- _PROMPT_: Please output the section of the listing below that opens with the line containing "フェアレディZ Z34" and closes with the line containing "Kia Sportage 1.6 CRDi MHEV Business (11)", exactly and with nothing else.

- _DATASET EXTRACT_:
····················

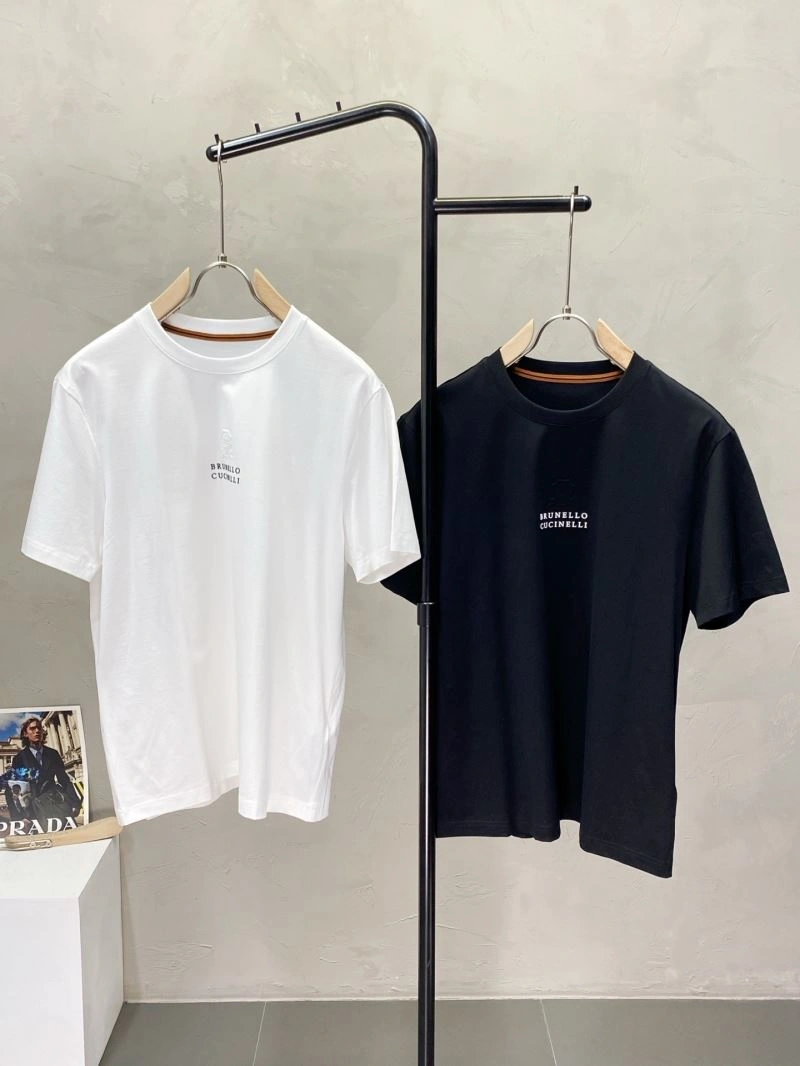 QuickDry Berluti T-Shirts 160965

····················

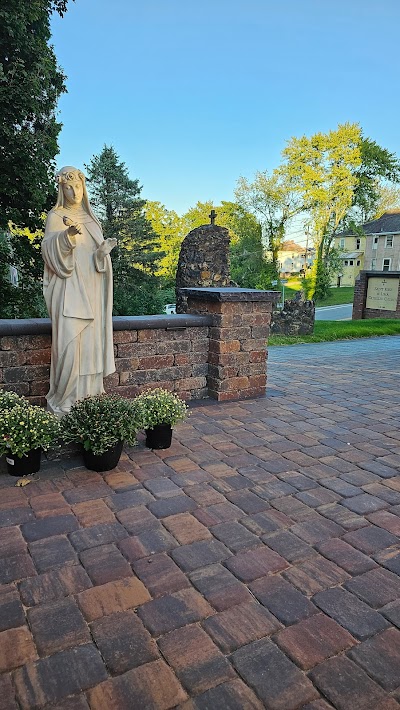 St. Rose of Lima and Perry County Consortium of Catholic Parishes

····················

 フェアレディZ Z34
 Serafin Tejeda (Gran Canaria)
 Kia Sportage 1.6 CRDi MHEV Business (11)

····················

- _TASK RESULT_:
 フェアレディZ Z34
 Serafin Tejeda (Gran Canaria)
 Kia Sportage 1.6 CRDi MHEV Business (11)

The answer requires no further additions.